* MATERIAL PROVIDED:
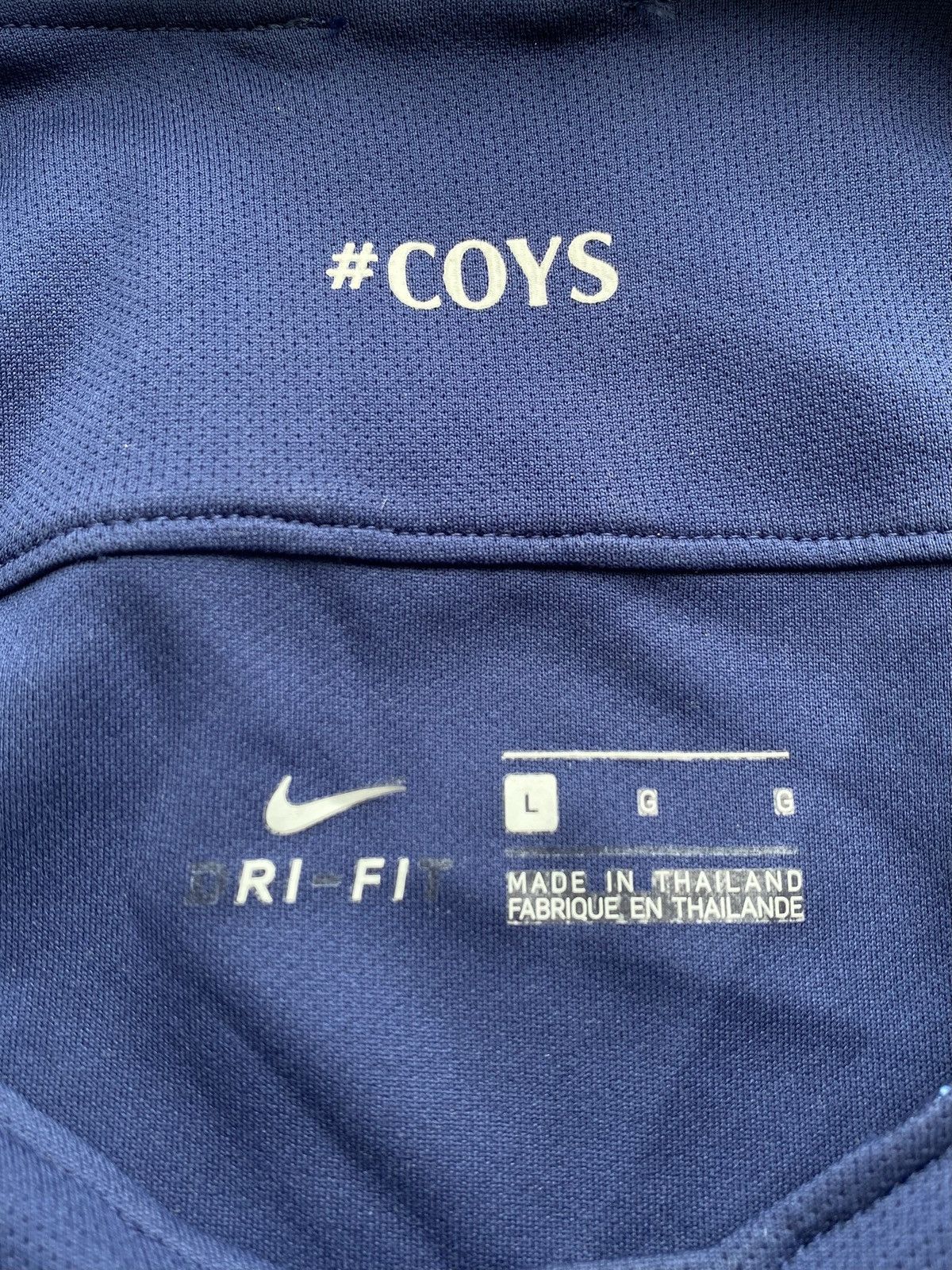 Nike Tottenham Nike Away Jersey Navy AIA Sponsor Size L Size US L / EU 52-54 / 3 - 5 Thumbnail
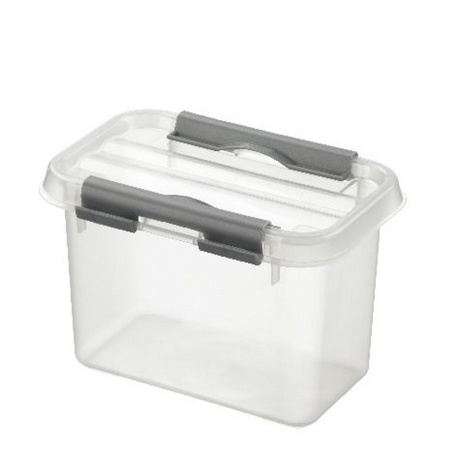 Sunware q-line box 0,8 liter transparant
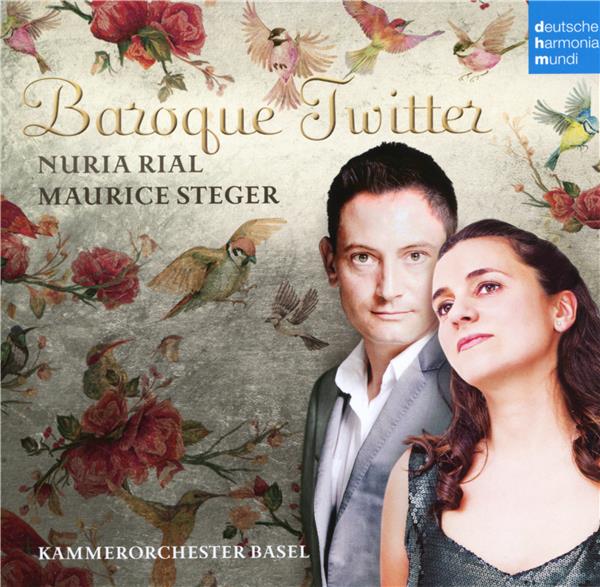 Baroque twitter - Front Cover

* TASK REQUIREMENTS: No pictures belong in the copy. Repeat the listing above exactly.

* TASK SOLUTION:
 Nike Tottenham Nike Away Jersey Navy AIA Sponsor Size L Size US L / EU 52-54 / 3 - 5 Thumbnail
 Sunware q-line box 0,8 liter transparant
 Baroque twitter - Front Cover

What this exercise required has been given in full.